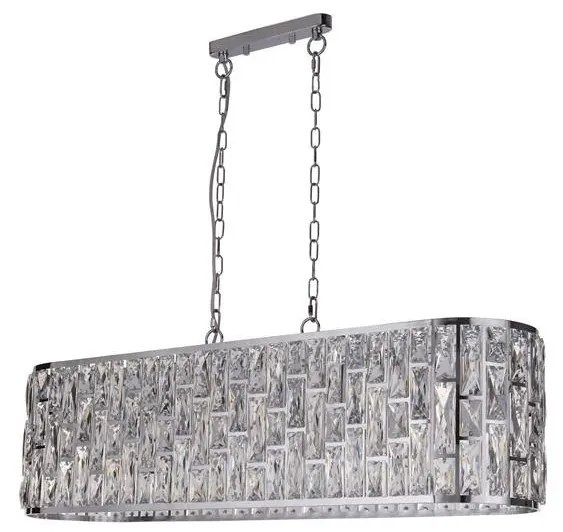 Lustra metal cromat, sticla transparenta Bijou 8Lt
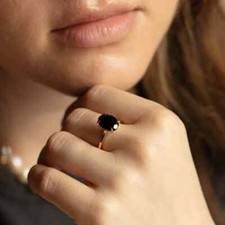 Black Onyx Oval Cut Gold Plated 925 Sterling Silver Engagement Ring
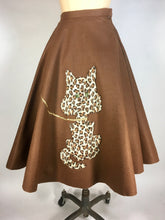 Load image into Gallery viewer, 1950’s homemade brown wool felt circle “poodle” skirt with leopard cat
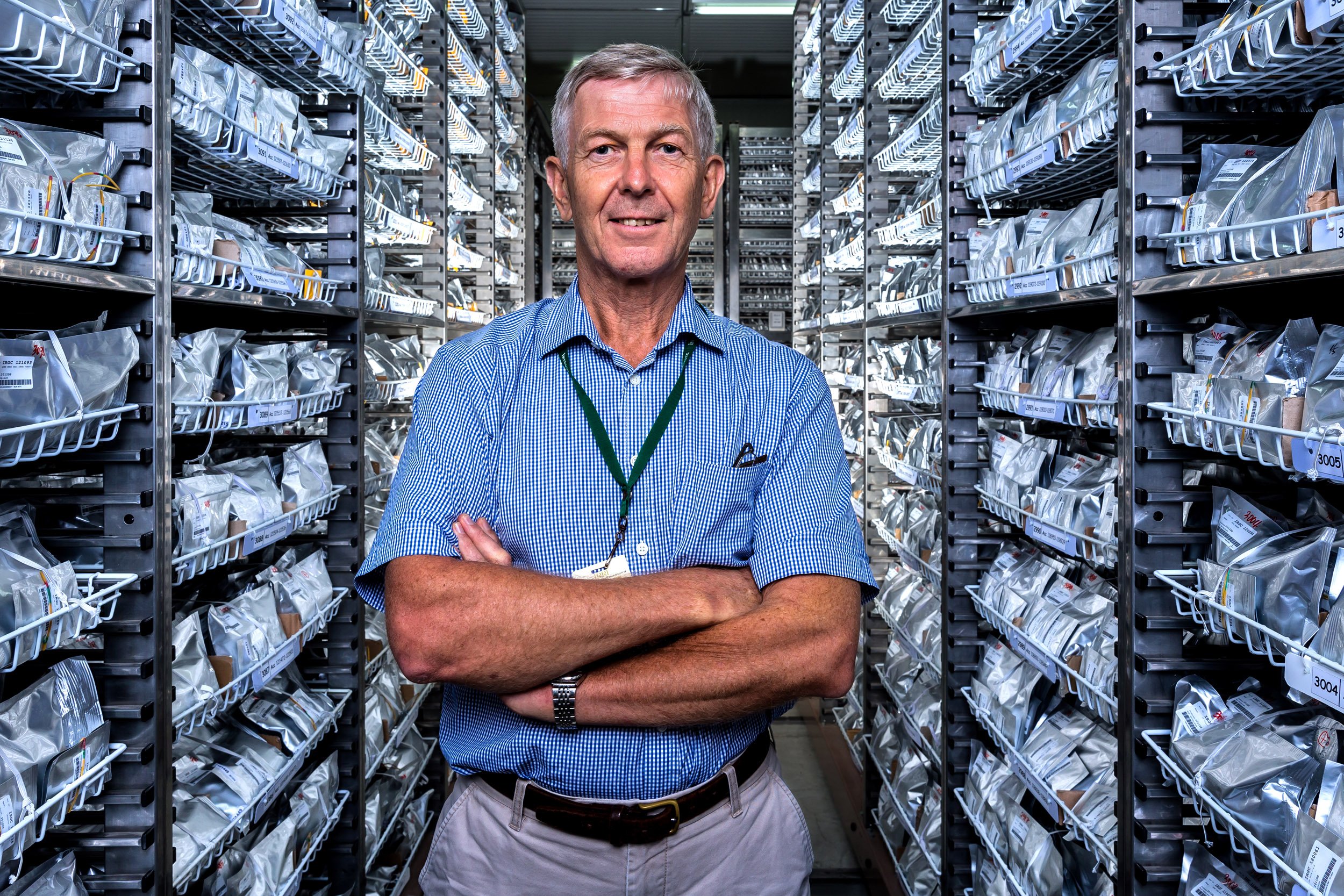 IRRI, LOS BANOS, PHILIPPINES, 9 AUGUST 2016: Dr Ruaraidh Sackville Hamilton, head of the TT Chang Genetic Resources center, Genetics and Biotechnology. He is seen standing in the cold room for the active collection of rice seeds for IRRI, over 120 0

.....

** PROBLEM **
Retype the lines above exactly, no pictures.

** EXERCISE RESULT **
 Lustra metal cromat, sticla transparenta Bijou 8Lt
 Black Onyx Oval Cut Gold Plated 925 Sterling Silver Engagement Ring
 Load image into Gallery viewer, 1950’s homemade brown wool felt circle “poodle” skirt with leopard cat
 IRRI, LOS BANOS, PHILIPPINES, 9 AUGUST 2016: Dr Ruaraidh Sackville Hamilton, head of the TT Chang Genetic Resources center, Genetics and Biotechnology. He is seen standing in the cold room for the active collection of rice seeds for IRRI, over 120 0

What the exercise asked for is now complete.